From: Amit Kapila <amit(dot)kapila16(at)gmail(dot)com>
To: Sergey Belyashov <sergey(dot)belyashov(at)gmail(dot)com>, PostgreSQL mailing lists <pgsql-bugs(at)lists(dot)postgresql(dot)org>
Subject: Re: BUG #17438: Logical replication hangs on master after huge DB load
Date: 2022-03-16 11:45:27
Message-ID: CAA4eK1JO_zijrTqoZdzMn0FtTfV=Nj6Fr++BfdsBkHZqfA_cPw@mail.gmail.com
Views: Raw Message | Whole Thread | Download mbox | Resend email
Thread:
Lists: pgsql-bugs

On Mon, Mar 14, 2022 at 11:49 PM PG Bug reporting form
<noreply(at)postgresql(dot)org> wrote:
>
> The following bug has been logged on the website:
>
> Bug reference: 17438
> Logged by: Sergey Belyashov
> Email address: sergey(dot)belyashov(at)gmail(dot)com
> PostgreSQL version: 14.2
> Operating system: Debian 11, GNU/Linux x86_64
> Description:
>
> Master DB has few tables: A (few inserts per second, about 200 updates per
> second, ~100 deletes each 5 minutes), B (~100 inserts each 5 minutes), C
> (~200 inserts and ~200 updates per second). B and C are large partitioned by
> range tables (36 and 12 partitions). A is small table about 10K entries
> (often updates). Table A has publications for inserts and deletes. Table B
> has publication for all operations except truncate via root.
>
> I do some maintenance work.

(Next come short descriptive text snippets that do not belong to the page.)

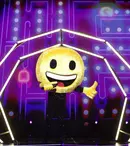 Surpriză la Masked Singer România! Cine este Emoji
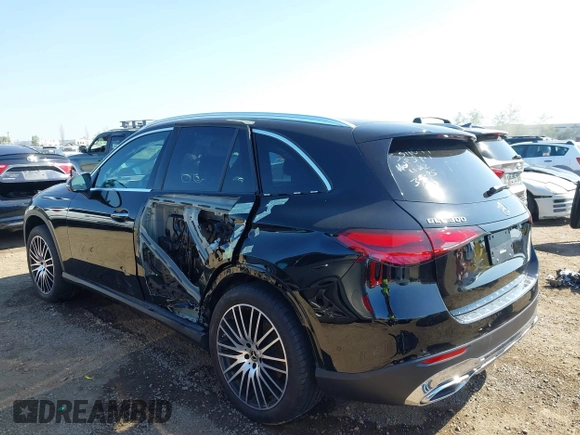 2024 Mercedes-Benz GLC 300 z VIN W1NKM4HB2RF190431, wystawiony jako IAAI lot #41859830 z przebiegiem 7 259 mil mil oraz . Historia ofert i sprzedaży dostępna na DreamBid. Obrazek 6.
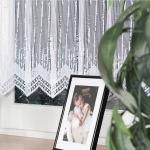 Záclona biela žakarová s otvormi – výška 120 cm (metráž)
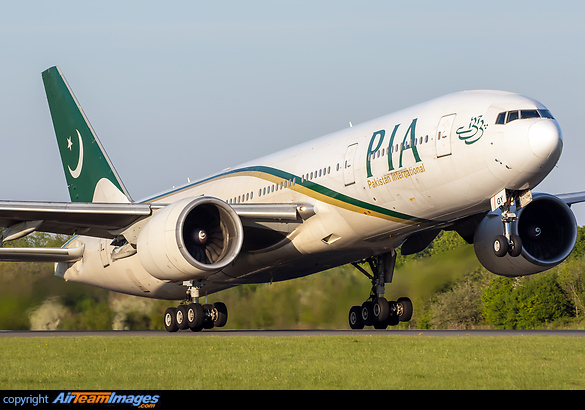 Boeing 777-240/LR Boeing 777-240/LR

I stop production load on DB and do some high
> load operations with table C (for example: "insert into D select * from C").
> After completion replications for A and B freezes and loads CPU for 50-99%
> without actual data transmission. I try to disable/enable/refresh
> subscription, but no effect. I try to restart master - no result. Only
> drop/create of subscriptions helps me.
>

Is it possible to get some reproducible script/test for this problem?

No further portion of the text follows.